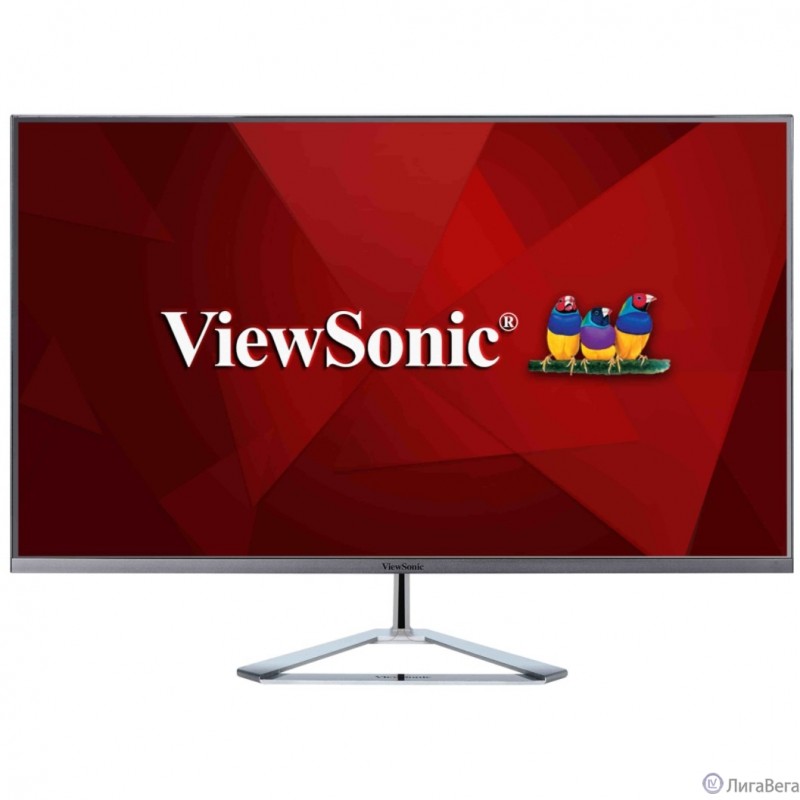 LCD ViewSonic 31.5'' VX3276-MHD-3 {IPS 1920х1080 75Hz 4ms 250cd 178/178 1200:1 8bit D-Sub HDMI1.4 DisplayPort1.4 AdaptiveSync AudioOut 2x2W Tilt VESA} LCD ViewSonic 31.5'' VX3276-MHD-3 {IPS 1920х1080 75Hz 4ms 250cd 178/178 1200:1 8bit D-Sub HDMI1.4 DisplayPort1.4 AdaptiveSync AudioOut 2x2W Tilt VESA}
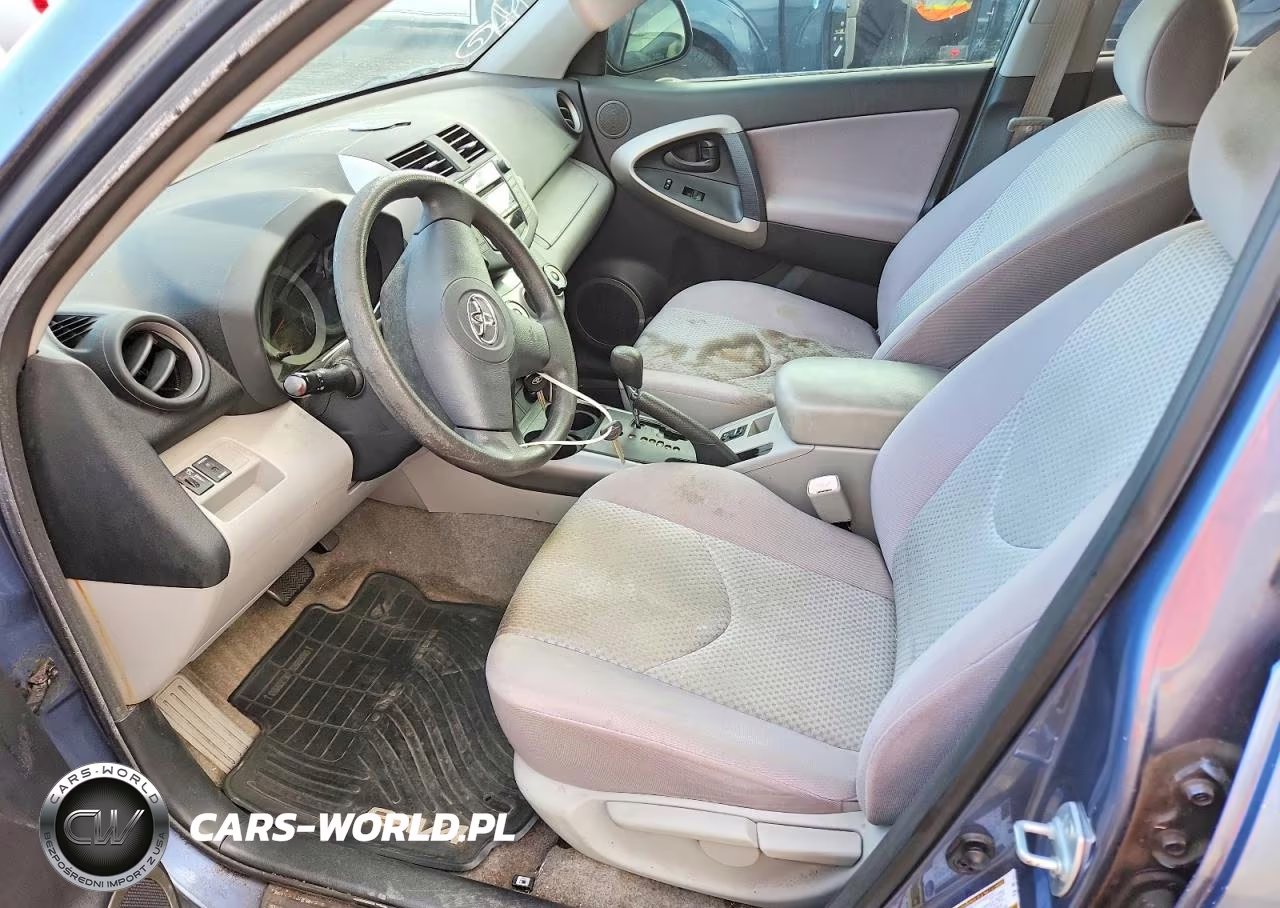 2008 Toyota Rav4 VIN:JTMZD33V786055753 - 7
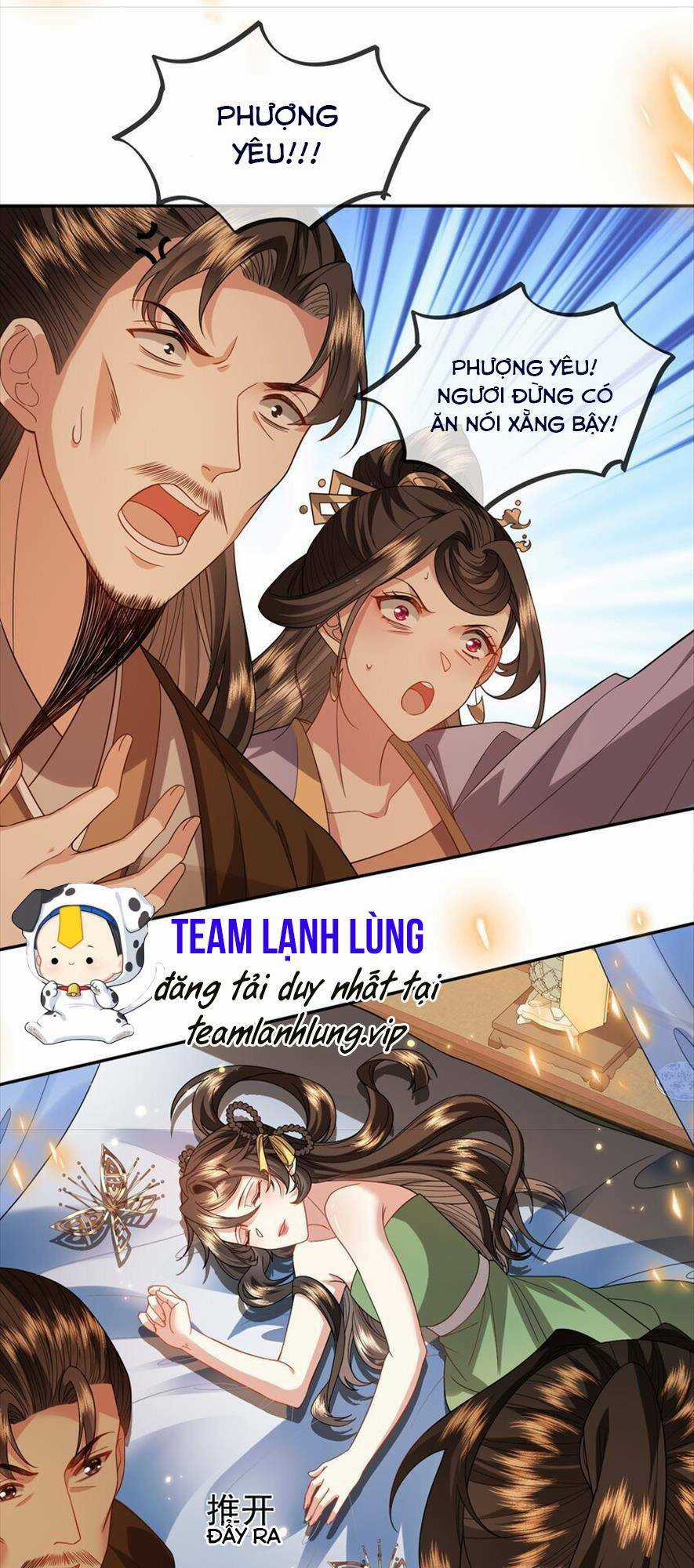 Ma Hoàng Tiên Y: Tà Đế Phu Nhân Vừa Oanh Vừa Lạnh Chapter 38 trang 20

====

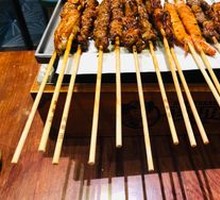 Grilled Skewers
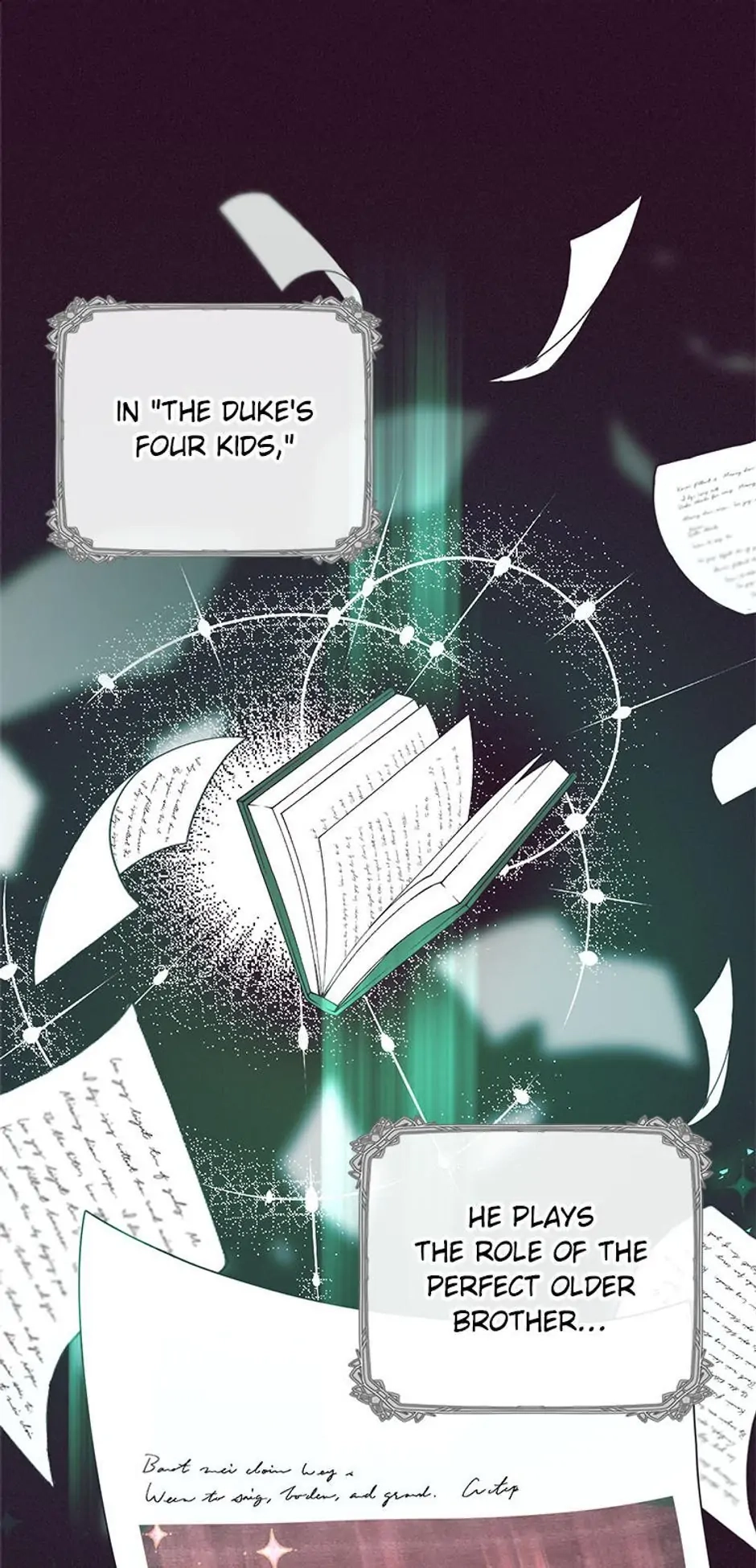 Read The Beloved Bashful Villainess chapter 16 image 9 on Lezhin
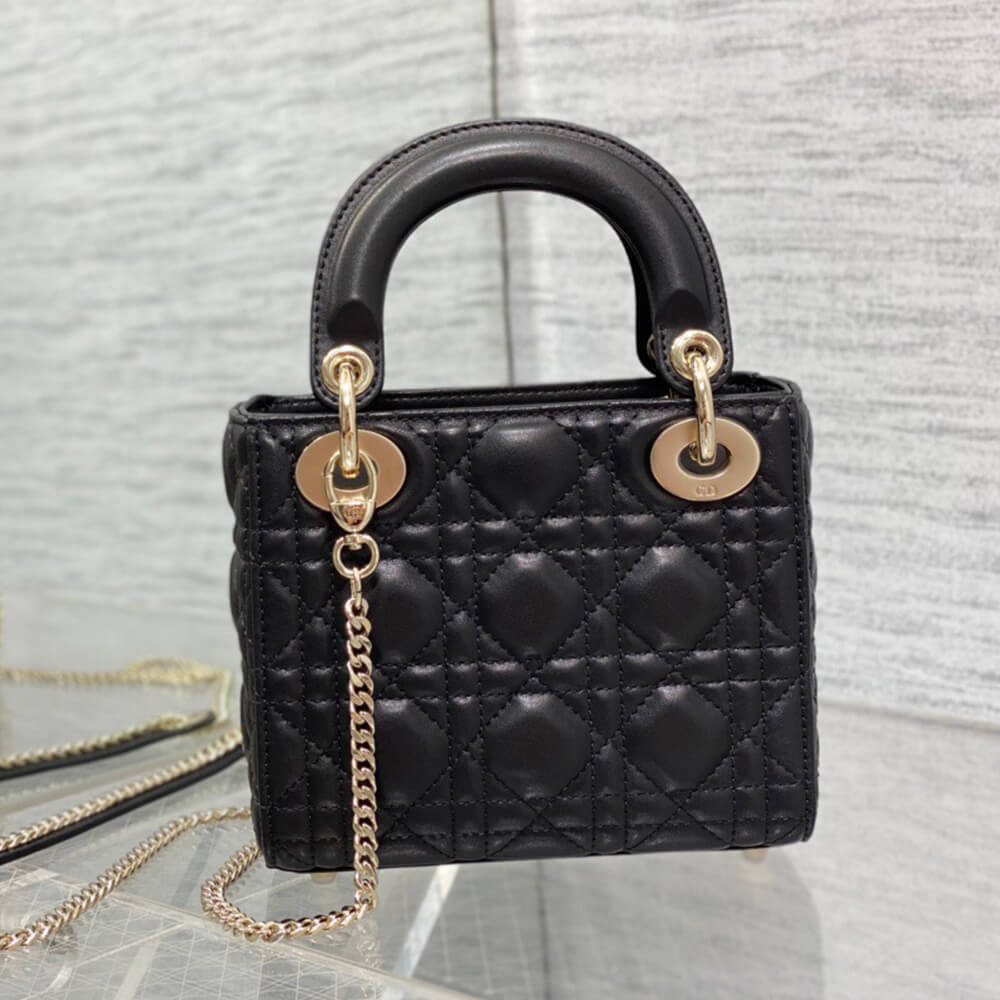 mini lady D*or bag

====

» **TRY IT**: Above, find the line holding "2008 Toyota Rav4 VIN:JTMZD33V786055753 - 7" and the line holding "Ma Hoàng Tiên". Print exactly those two lines and every line between them, but no pictures.

» **SOLUTION TO THE EXERCISE**:
 2008 Toyota Rav4 VIN:JTMZD33V786055753 - 7
 Ma Hoàng Tiên Y: Tà Đế Phu Nhân Vừa Oanh Vừa Lạnh Chapter 38 trang 20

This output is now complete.